Labour's pro-Brexit stance is not preventing it from winning the support of Remainers. Will that change?

More than a year after the UK voted for Brexit, there has been little sign of buyer's remorse. The public, including around a third of Remainers, are largely of the view that the government should "get on with it".

But as real wages are squeezed (owing to the Brexit-linked inflationary spike) there are tentative signs that the mood is changing. In the event of a second referendum, an Opinium/Observer poll found, 47 per cent would vote Remain, compared to 44 per cent for Leave. Support for a repeat vote is also increasing. Forty one per cent of the public now favour a second referendum (with 48 per cent opposed), compared to 33 per cent last December. 

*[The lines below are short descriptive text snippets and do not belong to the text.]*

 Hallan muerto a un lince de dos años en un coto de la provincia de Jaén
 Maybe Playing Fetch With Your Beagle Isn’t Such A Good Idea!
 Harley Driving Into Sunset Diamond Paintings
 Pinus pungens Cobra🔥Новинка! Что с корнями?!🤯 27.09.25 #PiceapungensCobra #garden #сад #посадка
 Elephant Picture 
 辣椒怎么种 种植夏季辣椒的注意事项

The Liberal Democrats have made halting Brexit their raison d'être. But as public opinion turns, there is no sign they are benefiting. Since the election, Vince Cable's party has yet to exceed single figures in the polls, scoring a lowly 6 per cent in the Opinium survey (down from 7.4 per cent at the election). 

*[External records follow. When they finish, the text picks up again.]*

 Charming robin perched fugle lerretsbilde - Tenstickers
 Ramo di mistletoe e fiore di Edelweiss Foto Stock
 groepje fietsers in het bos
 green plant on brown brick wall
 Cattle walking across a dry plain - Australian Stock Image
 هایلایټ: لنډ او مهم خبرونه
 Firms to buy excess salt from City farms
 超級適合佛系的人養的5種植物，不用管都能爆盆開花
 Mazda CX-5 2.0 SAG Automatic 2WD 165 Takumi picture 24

What accounts for this disparity? After their near-extinction in 2015, the Lib Dems remain either toxic or irrelevant to many voters. Labour, by contrast, despite its pro-Brexit stance, has hoovered up Remainers (55 per cent back Jeremy Corbyn's party). 

In some cases, this reflects voters' other priorities. Remainers are prepared to support Labour on account of the party's stances on austerity, housing and education. Corbyn, meanwhile, is a eurosceptic whose internationalism and pro-migration reputation endear him to EU supporters. Other Remainers rewarded Labour MPs who voted against Article 50, rebelling against the leadership's stance. 

But the trend also partly reflects ignorance. By saying little on the subject of Brexit, Corbyn and Labour allowed Remainers to assume the best. Though there is little evidence that voters will abandon Corbyn over his EU stance, the potential exists.

For this reason, the proposal of a new party will continue to recur. By challenging Labour over Brexit, without the toxicity of Lib Dems, it would sharpen the choice before voters. Though it would not win an election, a new party could force Corbyn to soften his stance on Brexit or to offer a second referendum (mirroring Ukip's effect on the Conservatives).

The greatest problem for the project is that it lacks support where it counts: among MPs. For reasons of tribalism and strategy, there is no emergent "Gang of Four" ready to helm a new party. In the absence of a new convulsion, the UK may turn against Brexit without the anti-Brexiteers benefiting. 

George Eaton is political editor of the New Statesman.